Emscripten and Mandreel output, with or without asm.js, tends to be quite fast, generally faster than handwritten code. asm.js is often faster than that, because it's easier to optimize, even without special optimizations for it. Those special optimizations can help even more, but they are not necessary for it to run, nor are things "slow/emulated" without them.
That link is misleading in the context you present it. Those are microbenchmarks, which a JIT can optimize relatively well. But if you look at the very next slide at http://kripken.github.io/mloc_emscripten_talk/#/28 you will see that for a larger application, non-optimized asm.js performs abysmally, as does JS in general. A performance penalty of ~1000% of native is what you should expect for a nontrivial JS application, and asm.js does not do much (if anything) to alleviate that unless you run odinmonkey.
I was purposefully linking to that slide + the one after it.
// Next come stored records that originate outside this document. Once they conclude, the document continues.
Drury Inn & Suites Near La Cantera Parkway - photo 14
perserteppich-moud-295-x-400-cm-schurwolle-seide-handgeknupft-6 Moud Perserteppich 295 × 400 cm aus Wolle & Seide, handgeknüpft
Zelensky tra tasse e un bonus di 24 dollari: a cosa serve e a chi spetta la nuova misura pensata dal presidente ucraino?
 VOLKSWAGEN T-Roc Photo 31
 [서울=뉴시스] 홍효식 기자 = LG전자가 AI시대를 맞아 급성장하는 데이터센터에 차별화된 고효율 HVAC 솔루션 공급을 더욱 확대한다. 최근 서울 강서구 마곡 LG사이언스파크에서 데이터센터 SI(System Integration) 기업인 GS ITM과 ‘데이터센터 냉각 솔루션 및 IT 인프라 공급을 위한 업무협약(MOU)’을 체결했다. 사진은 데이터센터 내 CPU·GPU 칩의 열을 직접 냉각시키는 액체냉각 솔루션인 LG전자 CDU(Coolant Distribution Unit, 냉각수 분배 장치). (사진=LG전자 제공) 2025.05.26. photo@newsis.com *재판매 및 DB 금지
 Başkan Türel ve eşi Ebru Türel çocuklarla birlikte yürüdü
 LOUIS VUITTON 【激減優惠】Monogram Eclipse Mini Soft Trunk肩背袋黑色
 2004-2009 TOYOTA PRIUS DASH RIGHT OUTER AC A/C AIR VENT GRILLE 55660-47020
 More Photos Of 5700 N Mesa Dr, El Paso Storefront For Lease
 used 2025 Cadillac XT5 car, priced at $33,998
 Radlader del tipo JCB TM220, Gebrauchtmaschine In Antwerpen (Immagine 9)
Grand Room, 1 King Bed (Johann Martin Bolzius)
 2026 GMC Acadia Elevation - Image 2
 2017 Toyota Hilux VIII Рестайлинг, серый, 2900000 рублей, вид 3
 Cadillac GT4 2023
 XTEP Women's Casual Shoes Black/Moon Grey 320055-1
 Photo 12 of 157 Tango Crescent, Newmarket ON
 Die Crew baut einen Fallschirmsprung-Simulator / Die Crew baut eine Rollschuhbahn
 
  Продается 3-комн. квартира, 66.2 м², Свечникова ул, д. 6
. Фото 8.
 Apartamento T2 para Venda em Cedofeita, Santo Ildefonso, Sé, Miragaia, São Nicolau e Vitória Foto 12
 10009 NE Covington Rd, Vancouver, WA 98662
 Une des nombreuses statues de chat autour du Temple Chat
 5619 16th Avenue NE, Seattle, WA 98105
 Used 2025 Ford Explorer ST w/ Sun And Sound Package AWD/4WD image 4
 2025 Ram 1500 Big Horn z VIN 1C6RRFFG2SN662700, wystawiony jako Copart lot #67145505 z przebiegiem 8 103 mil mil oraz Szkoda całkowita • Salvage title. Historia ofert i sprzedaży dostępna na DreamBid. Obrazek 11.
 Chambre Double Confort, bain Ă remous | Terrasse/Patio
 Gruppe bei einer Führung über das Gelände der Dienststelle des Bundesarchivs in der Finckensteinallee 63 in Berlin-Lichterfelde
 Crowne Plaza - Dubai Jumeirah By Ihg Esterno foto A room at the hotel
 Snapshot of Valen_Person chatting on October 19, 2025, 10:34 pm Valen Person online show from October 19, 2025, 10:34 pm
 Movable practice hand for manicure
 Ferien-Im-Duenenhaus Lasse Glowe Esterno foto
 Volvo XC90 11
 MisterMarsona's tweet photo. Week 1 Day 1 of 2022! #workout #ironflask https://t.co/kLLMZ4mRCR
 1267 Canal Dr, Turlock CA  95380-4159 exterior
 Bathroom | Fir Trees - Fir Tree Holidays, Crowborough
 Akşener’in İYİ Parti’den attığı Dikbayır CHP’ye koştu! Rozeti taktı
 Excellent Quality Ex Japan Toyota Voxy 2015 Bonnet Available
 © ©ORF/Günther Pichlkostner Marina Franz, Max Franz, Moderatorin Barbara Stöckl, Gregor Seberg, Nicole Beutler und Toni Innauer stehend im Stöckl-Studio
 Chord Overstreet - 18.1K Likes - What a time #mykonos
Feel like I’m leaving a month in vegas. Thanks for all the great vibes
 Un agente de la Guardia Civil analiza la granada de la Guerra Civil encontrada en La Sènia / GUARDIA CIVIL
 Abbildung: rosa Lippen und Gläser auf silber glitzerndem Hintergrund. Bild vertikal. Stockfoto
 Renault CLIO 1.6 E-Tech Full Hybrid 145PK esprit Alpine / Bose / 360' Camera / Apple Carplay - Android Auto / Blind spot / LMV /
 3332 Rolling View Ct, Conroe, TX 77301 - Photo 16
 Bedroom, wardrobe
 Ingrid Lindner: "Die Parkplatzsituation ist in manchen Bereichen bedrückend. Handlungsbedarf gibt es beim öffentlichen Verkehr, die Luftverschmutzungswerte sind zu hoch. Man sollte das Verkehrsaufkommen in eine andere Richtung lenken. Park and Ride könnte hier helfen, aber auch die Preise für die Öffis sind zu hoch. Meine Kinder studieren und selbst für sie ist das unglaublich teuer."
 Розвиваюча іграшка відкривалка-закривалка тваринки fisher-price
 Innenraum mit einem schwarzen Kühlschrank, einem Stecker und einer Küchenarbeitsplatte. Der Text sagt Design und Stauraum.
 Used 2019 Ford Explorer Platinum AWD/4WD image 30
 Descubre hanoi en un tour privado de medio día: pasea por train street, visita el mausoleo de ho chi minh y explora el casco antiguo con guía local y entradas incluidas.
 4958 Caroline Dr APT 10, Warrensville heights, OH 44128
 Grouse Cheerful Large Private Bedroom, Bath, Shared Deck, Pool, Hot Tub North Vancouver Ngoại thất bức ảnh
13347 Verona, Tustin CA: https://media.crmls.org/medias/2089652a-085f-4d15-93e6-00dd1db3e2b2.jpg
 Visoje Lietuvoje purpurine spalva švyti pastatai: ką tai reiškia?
Yes, there is a factor of around 4x slowdown between asm.js optimizations and without them, on the next slide. But even 4x slower than asm.js is quite fast, it's enough to run the Epic Citadel demo for example (try it on a version of firefox without those optimizations, like stable release - as others reported in comments, it runs ok). A lot of the work in Epic Citadel is on the GPU anyhow, say it's about half, so the difference is then only something like 2x.
2x is not that much, we have similar differences on the web anyhow because of CPU differences, JIT differences, etc. That's within the expected range of variance.
It's faster than "handwritten JS" because it's using a subset of JS that's already tuned to near the peak level of performance that you can achieve in JITting JS, which is tightly looped arithmetic with everything inlined working on SMIs. In V8, that's ~2.5x slower than the equivalent C code with optimizations. That's basically best case.
The problem is that it's still dynamic, and at any point a null can come along and force you to throw away a JITted function, so you have to have these checks everywhere just in case. Further, ECMA compliance does not require JIT compilation, which means to expect performance, especially on the web, is dubious at best. I can see merit to expecting performance metrics in something like Node.JS since it assumes V8, but the web does not have 1 JS engine, and the standard does not require such performance metrics.
The "benefits" of building a bytecode in that's represented in some subset of JS are essentially red herrings since they're effectively lies and the downsides are a lot more significant, IMO. Instead, we should be focusing on actually building a bytecode for the web such that all implementations are expected to have certain performance metrics.
>One concern for this type of product is that there's no concept of "installing" a webapp. The website will need to stream all game resources to the client for each user. I would wager that's one reason the graphics are poor: all of what you see was probably generated from <100MB of content.
As the demo says, it's recommended to try it in Firefox Nightly. The demo starts up and runs much faster there thanks to optimizations that are not yet in the stable release (which is what you're running, I think).